Alors, selon vous, là, comment voyez-vous le rôle des CRC?
Vous l'avez mentionné, mais j'aimerais que vous élaboriez un peu
plus.
Mme LeBel: Alors, je vais demander à M. Pellegrin de vous
répondre aussi.
M. Pellegrin: Dans le mémoire, à propos du rapport
Arpin, évidemment, on a abordé cette question qui nous concernait
directement, celle des conseils de la culture. Pour nous, les conseils de la
culture, effectivement, leur rôle a évolué
considérablement depuis leur création. Mais il y a quand
même quelques points d'ancrage qui sont toujours restés. Le
premier point d'ancrage, pour nous, essentiel, c'est, bien sûr, la
concertation. C'est un organisme qui, pour nous, est irremplaçable pour
concerter l'ensemble du milieu culturel.
Le deuxième point d'ancrage, c'est la régionalisation.
C'est le fait d'avoir, sur le plan régional, une intervention directe en
faveur du développement culturel.
Puis, le troisième point d'ancrage, c'est le caractère
multidisciplinaire. C'est le fait de mettre, dans la même structure, des
organismes, des travailleurs culturels, des artistes qui viennent des arts et
de la culture au sens large. Là-dessus, bien sûr, dans la
région de Québec, on est particulièrement bien pourvus
puisqu'on a tout l'éventail des activités culturelles possibles
et imaginables.
Dans le mémoire, évidemment, on parle
spécifiquement du rapport Arpin qui parle assez rapidement
lui-même des conseils de la culture et qui semble les mettre en
opposition avec soit les directions générales du
ministère, soit les associations disciplinaires qui se sont
créées et multipliées depuis 10 ans. Ce que nous
prétendons, c'est que cette analyse, d'abord, est extrêmement
rapide et laisse supposer qu'il y a des dédoublements qui, pour nous,
n'existent pas. Si on prend le cas, par exemple, des directions
régionales, on voit mal comment des actions régionales dans le
ministère pourraient effectuer l'activité de concertation que
nous effectuons. Puis, d'ailleurs, on a une excellente collaboration avec la
direction régionale de Québec dont la capacité d'analyse,
de synthèse et d'action n'est pas du tout remise en cause.
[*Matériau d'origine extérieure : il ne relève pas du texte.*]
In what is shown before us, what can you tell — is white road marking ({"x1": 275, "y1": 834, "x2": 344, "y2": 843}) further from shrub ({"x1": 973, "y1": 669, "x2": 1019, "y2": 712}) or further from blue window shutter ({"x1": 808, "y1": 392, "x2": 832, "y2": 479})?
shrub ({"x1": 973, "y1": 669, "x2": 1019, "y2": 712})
Si l'on parle des associations disciplinaires, les associations
disciplinaires font aussi un travail de concertation dans leur discipline, mais
il est centré évidemment à Montréal. Le
problème, avec les associations nationales, en ce qui nous concerne,
c'est que ces associations nationales évidemment, par définition,
n'ont pas l'optique régionale. Elles n'ont pas cette optique
multidisciplinaire. Par contre, il y a des relations très
étroites avec elles et, d'ailleurs, beaucoup de nos membres
appartiennent aux deux organismes. Donc, pour nous, c'est des
phénomènes complémentaires, des organismes
complémentaires dans des activités de concertation qui
contribuent tous au développement culturel.
Et ce que l'on prétend, évidemment, c'est que le
ministère des Affaires culturelles dispose, avec le réseau des
conseils - et on parlait d'abord, bien sûr, en notre nom, au Conseil de
la culture de la région de Québec - d'un outil
irremplaçable de concertation, de réflexion et de
développement culturel régional qu'il doit garder et utiliser
justement dans le cadre de la future politique de la culture et des arts.
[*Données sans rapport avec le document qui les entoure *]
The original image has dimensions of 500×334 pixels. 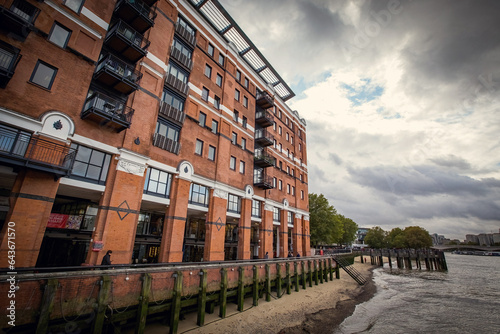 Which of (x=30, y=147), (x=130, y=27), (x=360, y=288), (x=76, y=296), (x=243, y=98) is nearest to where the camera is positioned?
(x=76, y=296)

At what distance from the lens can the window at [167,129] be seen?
A: 54.4ft

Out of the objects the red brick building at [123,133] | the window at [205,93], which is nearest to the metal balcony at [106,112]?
the red brick building at [123,133]

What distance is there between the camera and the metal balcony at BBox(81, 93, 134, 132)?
12.0 m

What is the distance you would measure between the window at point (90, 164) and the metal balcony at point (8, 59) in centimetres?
375

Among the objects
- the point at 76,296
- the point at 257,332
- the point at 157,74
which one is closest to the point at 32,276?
the point at 76,296

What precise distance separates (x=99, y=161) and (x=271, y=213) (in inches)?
760

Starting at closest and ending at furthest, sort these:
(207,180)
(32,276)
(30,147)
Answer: (32,276), (30,147), (207,180)

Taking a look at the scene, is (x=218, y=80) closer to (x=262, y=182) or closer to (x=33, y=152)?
(x=262, y=182)

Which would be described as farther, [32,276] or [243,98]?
[243,98]

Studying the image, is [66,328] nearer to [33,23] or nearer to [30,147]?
[30,147]

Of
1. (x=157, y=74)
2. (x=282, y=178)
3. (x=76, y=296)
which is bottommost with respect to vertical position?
(x=76, y=296)

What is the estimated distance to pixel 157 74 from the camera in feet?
53.6

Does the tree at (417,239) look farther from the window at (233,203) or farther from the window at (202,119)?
the window at (202,119)

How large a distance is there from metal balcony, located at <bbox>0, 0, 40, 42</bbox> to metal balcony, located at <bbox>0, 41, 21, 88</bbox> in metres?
0.87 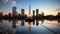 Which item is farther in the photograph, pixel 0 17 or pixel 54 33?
pixel 0 17

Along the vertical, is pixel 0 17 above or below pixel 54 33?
above

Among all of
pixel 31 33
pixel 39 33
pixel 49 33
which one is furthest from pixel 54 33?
pixel 31 33

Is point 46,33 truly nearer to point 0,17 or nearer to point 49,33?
point 49,33

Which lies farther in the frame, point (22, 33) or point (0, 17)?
point (0, 17)

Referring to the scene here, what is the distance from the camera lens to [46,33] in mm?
8555

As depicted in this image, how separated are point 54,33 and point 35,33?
4.30 feet

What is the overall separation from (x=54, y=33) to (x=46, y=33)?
21.5 inches

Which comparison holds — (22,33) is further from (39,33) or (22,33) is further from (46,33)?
(46,33)

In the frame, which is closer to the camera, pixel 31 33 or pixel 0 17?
pixel 31 33

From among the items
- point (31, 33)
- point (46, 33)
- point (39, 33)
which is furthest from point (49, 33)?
point (31, 33)

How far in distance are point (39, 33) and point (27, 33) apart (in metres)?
0.81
Mme Frulla-Hébert: Je veux revenir, parce que le temps
presse là, aussi à ce que vous avez appelé le saupoudrage.
Effectivement, quand on regarde ça comme ça, on dit: C'est quoi
ça, le saupoudrage? Par contre, si on le regarde dans une optique de
consolidation, vous parlez de fonds et, effectivement, il y a une
sous-capitalisation, il ne faut pas s'en cacher, malgré que les budgets
aient augmenté. Mais ils ont augmenté aussi pour couvrir beaucoup
d'infrastructures. Les besoins sont tellement grands, et on est parti quand
même de loin, ce qui fait que je pense qu'il faut quand même
réaliser, tous ensemble et
collectivement, de la part de tout le monde, d'où on est partis
il y a 30 ans et où on est présentement. On a quand même
fait un bon bout de chemin. Maintenant, il faut continuer et il faut passer
dans d'autres ères, bon, telles que l'ère de
l'internationalisation, par exemple, des échanges, tout le
pluriculturalisme aussi là qui entre maintenant et qui est en ligne de
compte.
Ceci dit, le saupoudrage. J'y reviens. Ne croyez-vous pas... sans
penser, là, que "saupoudrage" voulait dire - en tout cas, moi, je ne le
vois pas comme ça - que, bon, on va concentrer dans la région de
Montréal et de Québec comme ça s'est dit, pas du tout,
mais plus en vertu d'une certaine consolidation pour l'instant, pour un certain
moment. Parce qu'il ne faut pas se leurrer non plus. Oui, on veut avoir des
fonds supplémentaires. On va se battre pour, puis, bon, il y a des
façons aussi d'aller en chercher et des façons, comme vous le
dites aussi, originales de le faire. Ça, c'est une chose. Mais je ne
peux pas vous dire ici non plus que les fonds, la manne va tomber du ciel,
puisqu'on va en avoir et, bon, qu'on va se demander comment faire pour les
gérer. Je veux dire, il faut être aussi réalistes.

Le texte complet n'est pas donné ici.